Irmarie's eyes opened wider when she saw parents' anguish as they sent their children on trains to New York and Vermont or listened to stories of a family who had not eaten meat for several days.
"This is better than reading about it in a book, or having a teacher just tell you," said Irmarie, 11.
The fifth-graders were not only observers. After watching the strike unfold, students questioned witnesses why workers had to labor such long hours and what has happened to the mills over the years. The students looked over conflicting testimony, debated their views, and offered their own ideas on how to end the strike and improve conditions for millworkers.
Fifth-graders also played the roles of congressional committee members who met in March 1912 to investigate the conditions in the Lawrence mills.
Members of Theatre Espresso contacted Lawrence Heritage State Park during the summer about the idea for the performances — the last of which was scheduled for today.
James Beauchesne, visitor services supervisor at the park, was moved.
"They bring to life historic events in a way that's realistic and engaging to children," he said.
"The fear that people had, the whole concern, the hope, the emotion doesn't come as strongly when you read it in a book. Through the play the actors make it clear that people were making difficult choices that not only affected them, but us today," Beauchesne said.
Keri Ryan, a fifth-grade teacher at Arlington School, agreed.
"I thought it was great. The students live here, but they don't know about history of Lawrence," Ryan said.
"It's exciting for the students to see that this happened in the city where they live."
Lement came up with the idea for "American Tapestry" while a graduate student at Emerson College.

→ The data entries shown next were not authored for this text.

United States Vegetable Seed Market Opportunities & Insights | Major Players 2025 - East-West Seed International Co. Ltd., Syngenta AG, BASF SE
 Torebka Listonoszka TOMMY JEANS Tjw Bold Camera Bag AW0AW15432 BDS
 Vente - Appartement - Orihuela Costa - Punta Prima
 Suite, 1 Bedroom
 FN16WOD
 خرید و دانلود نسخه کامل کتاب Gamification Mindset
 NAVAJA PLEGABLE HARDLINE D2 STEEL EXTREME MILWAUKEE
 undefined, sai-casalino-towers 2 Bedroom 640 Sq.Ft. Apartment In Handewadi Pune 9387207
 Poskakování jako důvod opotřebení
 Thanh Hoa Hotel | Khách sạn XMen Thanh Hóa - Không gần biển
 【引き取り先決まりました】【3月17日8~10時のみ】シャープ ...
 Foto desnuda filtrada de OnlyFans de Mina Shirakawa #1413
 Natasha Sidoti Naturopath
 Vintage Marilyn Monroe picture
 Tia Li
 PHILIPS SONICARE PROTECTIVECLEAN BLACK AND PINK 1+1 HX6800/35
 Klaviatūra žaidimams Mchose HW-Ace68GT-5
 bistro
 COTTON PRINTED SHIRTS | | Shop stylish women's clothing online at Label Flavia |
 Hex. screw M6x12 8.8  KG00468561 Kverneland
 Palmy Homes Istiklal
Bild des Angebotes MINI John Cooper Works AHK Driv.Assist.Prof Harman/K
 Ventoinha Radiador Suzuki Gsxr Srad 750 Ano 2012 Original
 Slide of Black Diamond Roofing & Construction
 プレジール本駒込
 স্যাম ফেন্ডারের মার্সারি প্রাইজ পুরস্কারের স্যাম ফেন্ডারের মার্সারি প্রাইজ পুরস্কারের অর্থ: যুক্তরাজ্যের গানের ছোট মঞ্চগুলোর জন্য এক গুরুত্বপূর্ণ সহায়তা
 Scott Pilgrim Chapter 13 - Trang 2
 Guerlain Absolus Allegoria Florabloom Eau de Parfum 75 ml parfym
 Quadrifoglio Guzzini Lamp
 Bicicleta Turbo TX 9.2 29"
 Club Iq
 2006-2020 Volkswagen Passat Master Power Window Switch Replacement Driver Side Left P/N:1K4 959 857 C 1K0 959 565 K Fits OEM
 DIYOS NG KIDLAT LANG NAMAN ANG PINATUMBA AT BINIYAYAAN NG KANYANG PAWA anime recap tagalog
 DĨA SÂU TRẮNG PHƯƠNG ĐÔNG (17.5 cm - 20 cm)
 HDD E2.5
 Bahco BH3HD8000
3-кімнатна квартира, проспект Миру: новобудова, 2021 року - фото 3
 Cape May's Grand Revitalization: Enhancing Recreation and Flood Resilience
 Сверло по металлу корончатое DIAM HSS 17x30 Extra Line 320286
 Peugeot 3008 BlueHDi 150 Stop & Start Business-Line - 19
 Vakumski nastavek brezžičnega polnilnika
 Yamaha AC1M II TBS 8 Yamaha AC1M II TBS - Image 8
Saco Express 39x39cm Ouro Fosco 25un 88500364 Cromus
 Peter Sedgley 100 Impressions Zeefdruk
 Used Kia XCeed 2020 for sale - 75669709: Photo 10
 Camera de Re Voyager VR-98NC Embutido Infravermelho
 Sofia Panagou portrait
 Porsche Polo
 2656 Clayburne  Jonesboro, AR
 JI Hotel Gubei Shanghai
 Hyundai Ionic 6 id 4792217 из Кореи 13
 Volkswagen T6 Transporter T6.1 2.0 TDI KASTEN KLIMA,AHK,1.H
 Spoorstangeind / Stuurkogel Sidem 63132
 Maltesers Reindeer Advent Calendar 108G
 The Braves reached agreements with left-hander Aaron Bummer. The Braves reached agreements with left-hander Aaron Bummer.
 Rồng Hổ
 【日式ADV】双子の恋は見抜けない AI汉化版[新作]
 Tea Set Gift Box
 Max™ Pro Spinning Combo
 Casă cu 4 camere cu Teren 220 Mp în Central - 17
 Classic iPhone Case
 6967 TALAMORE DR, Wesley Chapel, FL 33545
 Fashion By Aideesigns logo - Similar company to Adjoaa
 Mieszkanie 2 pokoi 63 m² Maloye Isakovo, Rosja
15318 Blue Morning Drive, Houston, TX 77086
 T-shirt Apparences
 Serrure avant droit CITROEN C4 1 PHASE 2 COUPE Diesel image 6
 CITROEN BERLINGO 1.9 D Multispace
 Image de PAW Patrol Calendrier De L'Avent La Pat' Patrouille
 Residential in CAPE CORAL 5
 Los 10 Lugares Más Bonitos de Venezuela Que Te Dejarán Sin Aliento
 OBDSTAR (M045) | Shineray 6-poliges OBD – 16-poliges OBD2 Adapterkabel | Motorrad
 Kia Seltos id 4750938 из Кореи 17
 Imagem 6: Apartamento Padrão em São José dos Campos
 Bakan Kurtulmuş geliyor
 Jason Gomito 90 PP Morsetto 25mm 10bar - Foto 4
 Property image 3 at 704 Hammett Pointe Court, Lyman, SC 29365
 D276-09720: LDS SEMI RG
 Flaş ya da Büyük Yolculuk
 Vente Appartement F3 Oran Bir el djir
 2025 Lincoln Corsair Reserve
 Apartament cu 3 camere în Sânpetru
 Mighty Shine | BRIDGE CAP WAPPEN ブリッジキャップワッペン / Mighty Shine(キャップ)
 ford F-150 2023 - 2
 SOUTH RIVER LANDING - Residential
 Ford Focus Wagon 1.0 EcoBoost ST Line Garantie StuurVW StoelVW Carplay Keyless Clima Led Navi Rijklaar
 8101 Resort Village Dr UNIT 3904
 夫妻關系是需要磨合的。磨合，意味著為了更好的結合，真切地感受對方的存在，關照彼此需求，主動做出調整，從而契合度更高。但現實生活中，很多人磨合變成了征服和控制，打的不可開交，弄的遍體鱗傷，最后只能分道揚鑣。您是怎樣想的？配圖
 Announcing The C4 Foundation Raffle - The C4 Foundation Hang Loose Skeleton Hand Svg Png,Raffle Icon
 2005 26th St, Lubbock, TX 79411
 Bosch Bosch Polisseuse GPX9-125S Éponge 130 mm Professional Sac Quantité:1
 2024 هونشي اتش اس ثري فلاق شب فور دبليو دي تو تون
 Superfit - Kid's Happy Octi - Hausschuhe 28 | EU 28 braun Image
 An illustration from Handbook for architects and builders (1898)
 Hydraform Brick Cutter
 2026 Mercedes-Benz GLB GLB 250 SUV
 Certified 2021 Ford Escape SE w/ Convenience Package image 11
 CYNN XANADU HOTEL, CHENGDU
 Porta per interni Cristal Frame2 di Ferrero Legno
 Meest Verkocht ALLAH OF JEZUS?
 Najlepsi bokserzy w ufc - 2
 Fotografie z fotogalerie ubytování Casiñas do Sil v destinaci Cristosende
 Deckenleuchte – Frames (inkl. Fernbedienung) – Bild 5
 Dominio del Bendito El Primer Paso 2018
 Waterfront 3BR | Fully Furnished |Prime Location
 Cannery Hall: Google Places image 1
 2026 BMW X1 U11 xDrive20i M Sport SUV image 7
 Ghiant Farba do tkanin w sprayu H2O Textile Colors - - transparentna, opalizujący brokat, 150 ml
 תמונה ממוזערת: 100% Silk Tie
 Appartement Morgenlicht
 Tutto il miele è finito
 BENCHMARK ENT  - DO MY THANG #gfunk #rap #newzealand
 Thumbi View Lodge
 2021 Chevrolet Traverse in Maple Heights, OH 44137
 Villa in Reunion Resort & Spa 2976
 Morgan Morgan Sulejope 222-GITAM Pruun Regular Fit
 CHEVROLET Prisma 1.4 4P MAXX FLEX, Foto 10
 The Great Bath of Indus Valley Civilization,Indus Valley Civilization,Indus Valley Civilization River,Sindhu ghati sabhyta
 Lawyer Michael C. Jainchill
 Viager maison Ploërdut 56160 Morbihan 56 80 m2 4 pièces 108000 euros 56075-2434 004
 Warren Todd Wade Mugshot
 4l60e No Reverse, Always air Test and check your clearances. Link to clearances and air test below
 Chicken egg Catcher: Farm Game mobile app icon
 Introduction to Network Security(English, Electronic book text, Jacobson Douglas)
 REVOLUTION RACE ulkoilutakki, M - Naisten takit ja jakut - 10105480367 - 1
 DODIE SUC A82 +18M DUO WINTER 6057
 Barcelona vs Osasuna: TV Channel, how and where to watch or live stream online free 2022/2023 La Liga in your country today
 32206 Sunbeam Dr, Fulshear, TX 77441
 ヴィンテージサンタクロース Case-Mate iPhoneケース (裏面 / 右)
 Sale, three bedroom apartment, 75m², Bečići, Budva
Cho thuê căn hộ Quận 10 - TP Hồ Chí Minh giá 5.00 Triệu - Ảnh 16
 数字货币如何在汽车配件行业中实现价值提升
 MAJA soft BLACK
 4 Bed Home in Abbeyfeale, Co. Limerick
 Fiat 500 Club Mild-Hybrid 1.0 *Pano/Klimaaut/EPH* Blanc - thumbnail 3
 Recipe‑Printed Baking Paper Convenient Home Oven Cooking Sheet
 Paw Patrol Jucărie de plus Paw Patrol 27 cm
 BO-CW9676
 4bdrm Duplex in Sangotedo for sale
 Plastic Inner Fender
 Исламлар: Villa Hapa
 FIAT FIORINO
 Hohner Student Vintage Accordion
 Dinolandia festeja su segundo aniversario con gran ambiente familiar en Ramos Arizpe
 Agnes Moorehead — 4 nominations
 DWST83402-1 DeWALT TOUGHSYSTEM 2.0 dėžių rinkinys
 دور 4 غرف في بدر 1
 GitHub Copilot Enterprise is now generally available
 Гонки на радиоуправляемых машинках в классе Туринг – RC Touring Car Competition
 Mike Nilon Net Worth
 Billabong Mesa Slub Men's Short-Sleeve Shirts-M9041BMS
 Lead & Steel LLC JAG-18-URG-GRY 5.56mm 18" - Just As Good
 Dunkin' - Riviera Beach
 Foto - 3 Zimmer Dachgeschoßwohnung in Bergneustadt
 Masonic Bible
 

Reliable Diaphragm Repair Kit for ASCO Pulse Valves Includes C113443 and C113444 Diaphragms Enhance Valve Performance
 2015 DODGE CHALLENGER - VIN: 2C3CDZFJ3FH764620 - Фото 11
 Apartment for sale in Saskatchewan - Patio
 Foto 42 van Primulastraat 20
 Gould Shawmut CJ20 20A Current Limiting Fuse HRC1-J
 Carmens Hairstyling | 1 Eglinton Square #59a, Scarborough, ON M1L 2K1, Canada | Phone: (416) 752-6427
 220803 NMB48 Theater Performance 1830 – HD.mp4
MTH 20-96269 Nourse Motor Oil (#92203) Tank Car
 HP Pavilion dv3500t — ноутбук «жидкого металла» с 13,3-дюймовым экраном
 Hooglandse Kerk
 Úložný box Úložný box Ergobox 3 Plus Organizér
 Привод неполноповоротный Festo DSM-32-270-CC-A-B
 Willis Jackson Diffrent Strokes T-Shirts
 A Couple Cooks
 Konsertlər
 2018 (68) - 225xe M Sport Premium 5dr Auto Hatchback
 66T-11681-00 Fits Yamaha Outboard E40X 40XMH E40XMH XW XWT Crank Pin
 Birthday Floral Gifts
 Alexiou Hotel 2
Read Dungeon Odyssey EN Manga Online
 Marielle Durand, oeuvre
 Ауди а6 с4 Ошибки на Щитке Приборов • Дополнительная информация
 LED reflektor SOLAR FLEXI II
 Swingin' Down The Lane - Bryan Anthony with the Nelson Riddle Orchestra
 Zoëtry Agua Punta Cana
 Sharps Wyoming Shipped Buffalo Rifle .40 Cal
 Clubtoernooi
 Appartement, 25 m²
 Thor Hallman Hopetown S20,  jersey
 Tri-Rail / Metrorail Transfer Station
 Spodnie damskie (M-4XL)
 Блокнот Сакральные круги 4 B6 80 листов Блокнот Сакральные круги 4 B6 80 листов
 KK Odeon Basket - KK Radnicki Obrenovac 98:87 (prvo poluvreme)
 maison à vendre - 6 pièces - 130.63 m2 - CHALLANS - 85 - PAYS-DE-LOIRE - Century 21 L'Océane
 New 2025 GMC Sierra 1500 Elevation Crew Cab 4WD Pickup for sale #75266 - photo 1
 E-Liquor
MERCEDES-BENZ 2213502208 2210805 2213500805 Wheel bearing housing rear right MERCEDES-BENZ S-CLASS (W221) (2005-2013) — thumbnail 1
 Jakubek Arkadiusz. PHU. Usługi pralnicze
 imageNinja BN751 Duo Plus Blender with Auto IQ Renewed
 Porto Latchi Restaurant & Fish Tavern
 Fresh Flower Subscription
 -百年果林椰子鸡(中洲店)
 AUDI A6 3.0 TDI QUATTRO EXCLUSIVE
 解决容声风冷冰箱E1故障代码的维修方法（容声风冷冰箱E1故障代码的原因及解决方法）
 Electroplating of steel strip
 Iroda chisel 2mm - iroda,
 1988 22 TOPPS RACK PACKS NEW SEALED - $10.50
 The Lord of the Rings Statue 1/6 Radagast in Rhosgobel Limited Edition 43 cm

She talked to strikers who are still alive and found their experiences fascinating.
To write the script, she listened to the oral histories, and read the 500 pages of congressional testimony as well as Bruce Watson's book, "Bread and Roses."
"The goal is to get kids thinking about history, specifically about this very familiar episode in Lawrence, which is not irrelevant to what people are living today," Beauchesne said.